Given data.
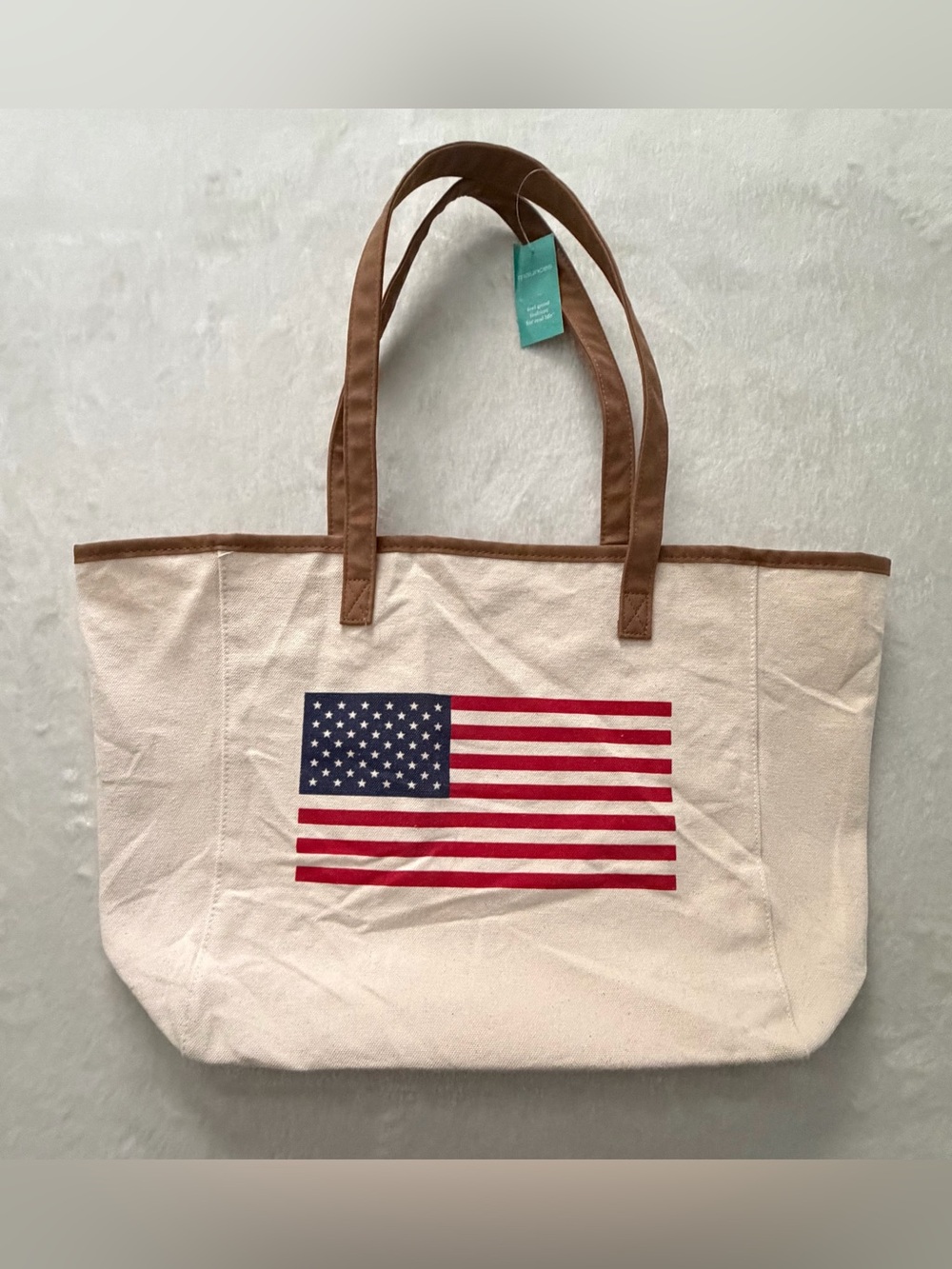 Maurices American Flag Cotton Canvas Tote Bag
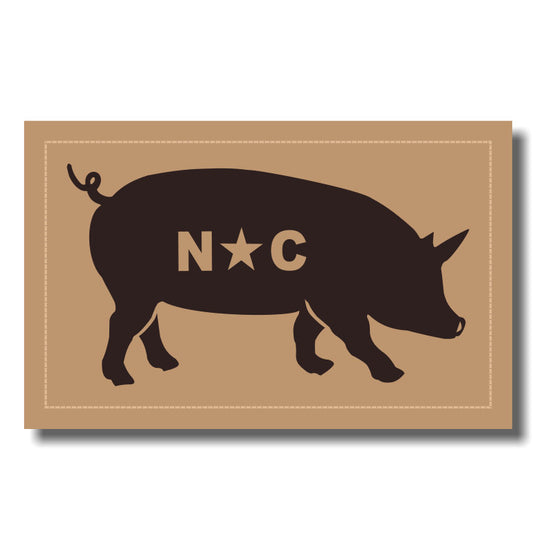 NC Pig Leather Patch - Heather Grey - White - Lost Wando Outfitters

* * *

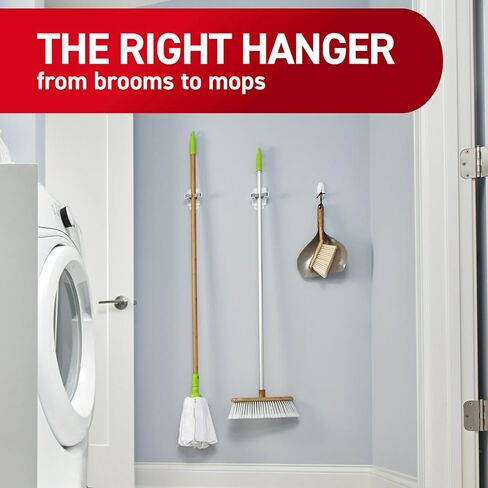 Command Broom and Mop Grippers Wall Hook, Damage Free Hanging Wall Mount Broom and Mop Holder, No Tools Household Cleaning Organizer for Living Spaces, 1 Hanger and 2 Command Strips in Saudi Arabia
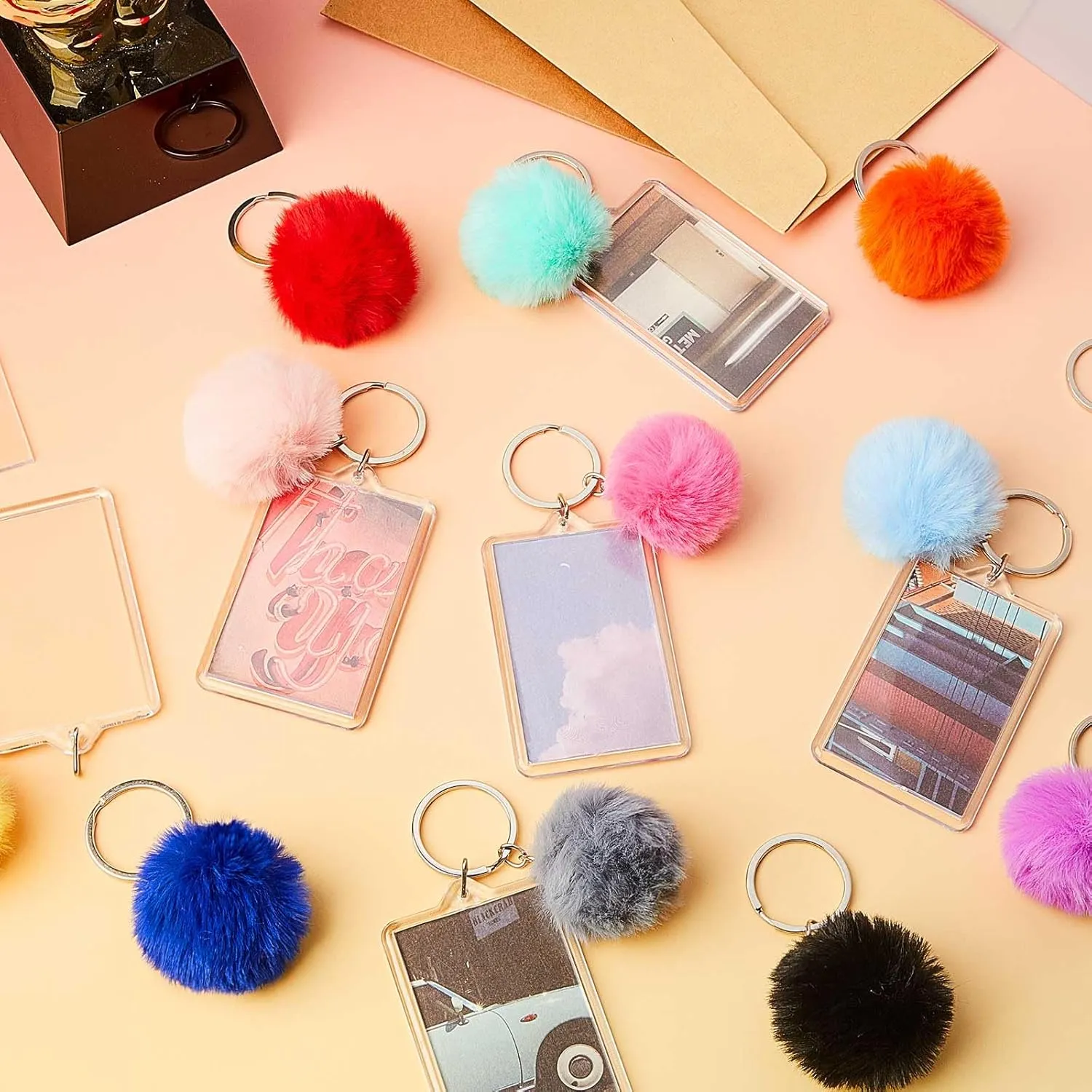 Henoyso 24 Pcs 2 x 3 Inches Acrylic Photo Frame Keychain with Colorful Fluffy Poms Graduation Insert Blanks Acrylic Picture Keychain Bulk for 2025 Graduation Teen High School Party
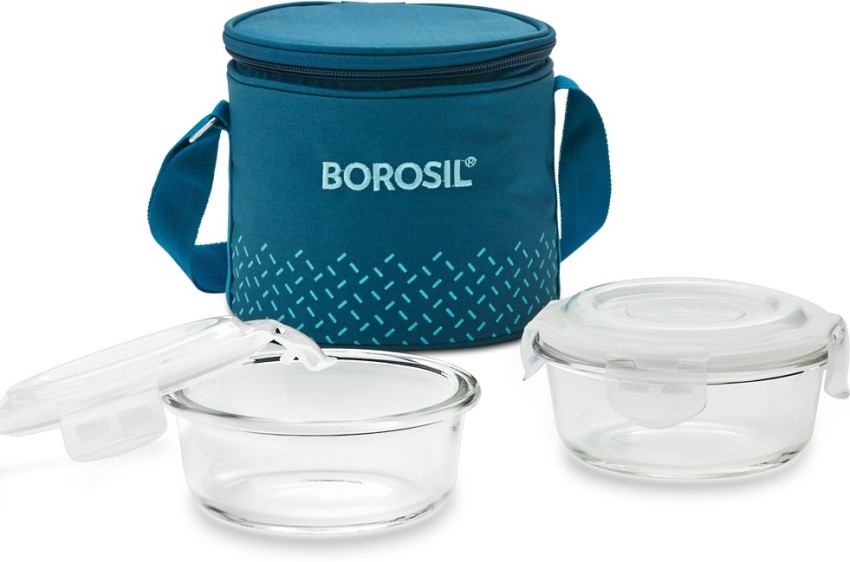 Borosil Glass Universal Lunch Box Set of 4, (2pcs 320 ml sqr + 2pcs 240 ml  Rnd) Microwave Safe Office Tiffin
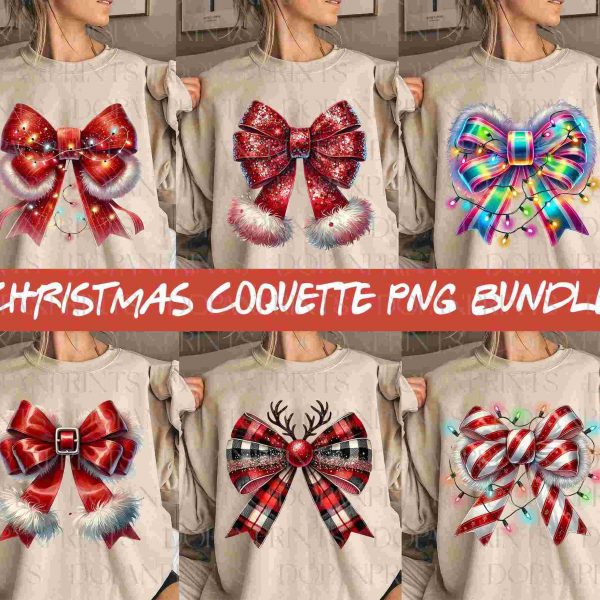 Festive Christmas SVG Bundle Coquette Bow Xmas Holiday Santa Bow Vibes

Exercise. Above are the records; copy exactly the lines from the one with "Command Broom and" through the one with "Festive Christmas SVG", including both, and nothing more. Leave out pictures.

Answer box.
 Command Broom and Mop Grippers Wall Hook, Damage Free Hanging Wall Mount Broom and Mop Holder, No Tools Household Cleaning Organizer for Living Spaces, 1 Hanger and 2 Command Strips in Saudi Arabia
 Henoyso 24 Pcs 2 x 3 Inches Acrylic Photo Frame Keychain with Colorful Fluffy Poms Graduation Insert Blanks Acrylic Picture Keychain Bulk for 2025 Graduation Teen High School Party
 Borosil Glass Universal Lunch Box Set of 4, (2pcs 320 ml sqr + 2pcs 240 ml  Rnd) Microwave Safe Office Tiffin
 Festive Christmas SVG Bundle Coquette Bow Xmas Holiday Santa Bow Vibes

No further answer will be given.